Gaza Marine potrebbe integrarsi con le infrastrutture israeliane già operative, in particolare con i giacimenti di Leviathan e Tamar, sviluppati da consorzi anglo-americani e israeliani, delineando così un bacino energetico comune nel Mediterraneo orientale. Tale scenario configurerebbe non solo un’area di cooperazione tecnica, ma soprattutto una piattaforma di controllo politico sulle risorse e sui flussi energetici regionali.
In questo contesto si inserisce la figura dell’ex premier britannico Tony Blair, designato come “consigliere” per la ricostruzione di Gaza, ruolo che molti analisti interpretano come funzionale alla fase preparatoria di normalizzazione e commercializzazione del gas palestinese all’interno di un quadro politico controllato. Blair, da anni vicino all’ex presidente Donald Trump, ha svolto funzioni di consulenza sulle questioni arabe e mediorientali. La sua presenza nel Consiglio di Pace per Gaza, prevista dal piano americano, risponde alla logica di un inviato o “facilitatore” incaricato della transizione post-bellica e della ricostruzione economica attraverso il “Tony Blair Institute for Global Change, al quale collabora anche Jared Kushner, ex consigliere per il Medio Oriente e genero di Trump.
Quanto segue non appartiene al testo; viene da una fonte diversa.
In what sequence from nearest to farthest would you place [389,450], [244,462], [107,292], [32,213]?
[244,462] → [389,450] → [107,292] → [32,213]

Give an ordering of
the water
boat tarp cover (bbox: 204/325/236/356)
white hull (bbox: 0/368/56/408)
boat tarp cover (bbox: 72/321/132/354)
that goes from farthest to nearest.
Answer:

Dopo aver lasciato la politica attiva, Blair si è inserito nel settore energetico globale, intrattenendo relazioni dirette con BP (British Petroleum) e società collegate. La BP, nata nel 1909 come Anglo-Persian Oil Company, in epoca ancora ottomana, e poi divenuta British Petroleum Company nel 1954, rappresenta uno dei simboli più longevi dell’intersezione tra energia, diplomazia e potere imperiale. Già nei primi decenni del Novecento, la compagnia sviluppò un oleodotto per collegare i giacimenti persiani alla città di Abadan, in quella che oggi è l’area meridionale dell’Iraq, dove sorse una delle più grandi raffinerie dell’epoca. Da lì la società si espanse attraverso la Turkish Oil Company, controllandone il 50% delle azioni per accedere ai giacimenti iracheni, consolidando la propria influenza in quella che diventerà la geografia energetica del Medio Oriente moderno.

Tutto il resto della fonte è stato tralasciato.